This post is part of an ongoing guest blogger series on the kingdom of God.
Today, we will hear from A.K.M. Adam:
It’s become a fad to distinguish a bad, imperialistic understanding of “the Kingdom of God” from a hip, open, “relational” understanding of “God’s Reign” — sometimes people even advance bogus arguments from the morphology of the Greek word basileia. While God no doubt frowns on imperialism, and is assuredly more open-minded than we can understand (“Many will come from east and west. . .”), an ordinary Greek-speaker would understand God’s basileia on the model of basileias they had experienced or heard about: monarchies wherein the will of the ruler determined the conditions within which inhabitants negotiated their daily lives.
The difference between the Kingdom of God and the Kingdom of Herod (for instance) was not that Herod’s kingdom involved authority and entailed limits on who might share in the goods of the kingdom; God, the Creator of all that is, remains creation’s Author, and the power of sin will ensnare some who might otherwise rejoice with the people of God. The difference involves, among other things, the texture of authority and the criteria for participation in the Kingdom of God. Whereas Herod exercised authority by brutal coercion — and even the most benign empires of this world sustain themselves by the apparent temporal necessity of police and military power — God’s authority depends not on God’s power to damn or to impose on unwilling resisters, but on a love that knits willing adherents to God’s own will. The will of the Divine Ruler comes to the saints not as brutal threat, but always only as permission to rejoice — for the saints desire only what God will for us (which in turn is only our sanctity and well-being). As Augustine reminded the Pelagians, any freedom to choose something other than God’s will is not freedom, but turns to captivity to sin.
By the same token, the Kingdom of God differs from earthly kingdoms in terms of citizenry as well. Where temporal communities define their constituency by heredity, or by achievement, or other qualifications, the Kingdom of God is constituted solely by God’s grace. The people of God are not necessarily the most prominently pious (“many will say, ‘Did we not prophesy in your name?’ “), and certainly not the most powerful or predictable. Rather, the people of God are those who live in God’s way; some will have learned the Way from Scripture and the churches, but others will have discerned God’s Way on other grounds (“they show that they have the Law written in their hearts”).
So, yes, the Kingdom of God is utterly unlike any earthly dominion — but no, it’s not an undifferentiated, gauzy commune. The Kingdom of God is (and was, and ever shall be) a communion of people known to us and unknown, among whom the will of God determines the Way by which we shape our lives.

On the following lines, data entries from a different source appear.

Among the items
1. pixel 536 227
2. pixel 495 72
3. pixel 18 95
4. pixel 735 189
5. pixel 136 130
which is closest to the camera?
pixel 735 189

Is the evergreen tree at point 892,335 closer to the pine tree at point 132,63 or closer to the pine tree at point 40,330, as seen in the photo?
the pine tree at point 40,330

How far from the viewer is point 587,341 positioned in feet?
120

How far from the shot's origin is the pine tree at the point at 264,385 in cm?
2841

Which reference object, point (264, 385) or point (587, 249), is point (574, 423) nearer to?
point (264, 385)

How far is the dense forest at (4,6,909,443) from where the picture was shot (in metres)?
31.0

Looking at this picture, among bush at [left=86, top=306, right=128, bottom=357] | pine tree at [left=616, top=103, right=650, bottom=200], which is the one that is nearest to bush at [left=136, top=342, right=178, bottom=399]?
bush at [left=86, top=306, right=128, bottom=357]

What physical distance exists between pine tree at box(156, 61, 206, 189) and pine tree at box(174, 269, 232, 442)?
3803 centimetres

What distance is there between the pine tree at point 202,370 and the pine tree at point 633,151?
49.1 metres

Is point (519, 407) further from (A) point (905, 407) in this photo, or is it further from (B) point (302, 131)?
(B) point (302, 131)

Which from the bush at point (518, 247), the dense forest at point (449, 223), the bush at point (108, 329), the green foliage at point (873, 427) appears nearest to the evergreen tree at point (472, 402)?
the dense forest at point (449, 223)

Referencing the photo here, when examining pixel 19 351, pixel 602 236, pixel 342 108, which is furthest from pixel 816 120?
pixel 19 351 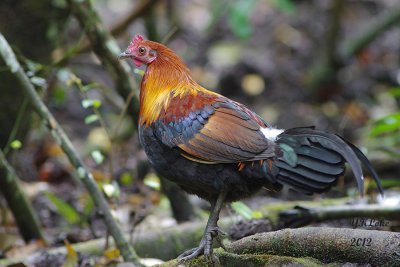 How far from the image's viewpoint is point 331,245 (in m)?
3.74

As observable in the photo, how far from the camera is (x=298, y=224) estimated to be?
5273mm

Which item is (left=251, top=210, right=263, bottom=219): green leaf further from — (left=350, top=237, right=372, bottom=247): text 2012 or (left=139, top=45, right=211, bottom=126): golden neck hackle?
(left=350, top=237, right=372, bottom=247): text 2012

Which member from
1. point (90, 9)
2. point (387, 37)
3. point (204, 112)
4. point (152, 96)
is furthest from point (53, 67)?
point (387, 37)

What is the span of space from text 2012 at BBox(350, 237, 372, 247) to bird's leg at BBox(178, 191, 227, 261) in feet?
2.82

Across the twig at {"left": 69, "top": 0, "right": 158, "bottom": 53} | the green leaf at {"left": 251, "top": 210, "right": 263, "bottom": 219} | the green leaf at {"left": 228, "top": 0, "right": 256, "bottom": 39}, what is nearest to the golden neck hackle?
the green leaf at {"left": 251, "top": 210, "right": 263, "bottom": 219}

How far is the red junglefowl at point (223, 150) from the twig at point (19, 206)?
1.90 m

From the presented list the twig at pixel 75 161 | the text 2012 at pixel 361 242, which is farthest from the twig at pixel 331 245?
the twig at pixel 75 161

A.K.M. Adam teaches New Testament and Early Church History at Seabury; he has also taught at Eckerd College, Princeton Theological Seminary, and has served parishes in New Haven, Tampa, and Evanston. He has written and edited numerous books and articles, including What is Postmodern Biblical Criticism? (1995), Making Sense of New Testament Theology (1995), A Grammar of New Testament Greek (1999), A Handbook of Postmodern Biblical Interpretation and Postmodern Interpretations of the Bible: A Reader (2000), and Faithful Interpretation (2006) and is co-author of Reading Scripture With the Church (2006). He is presently working on a book that builds on his hermeneutical studies to present a theological and ethical reading of Matthew’s Gospel.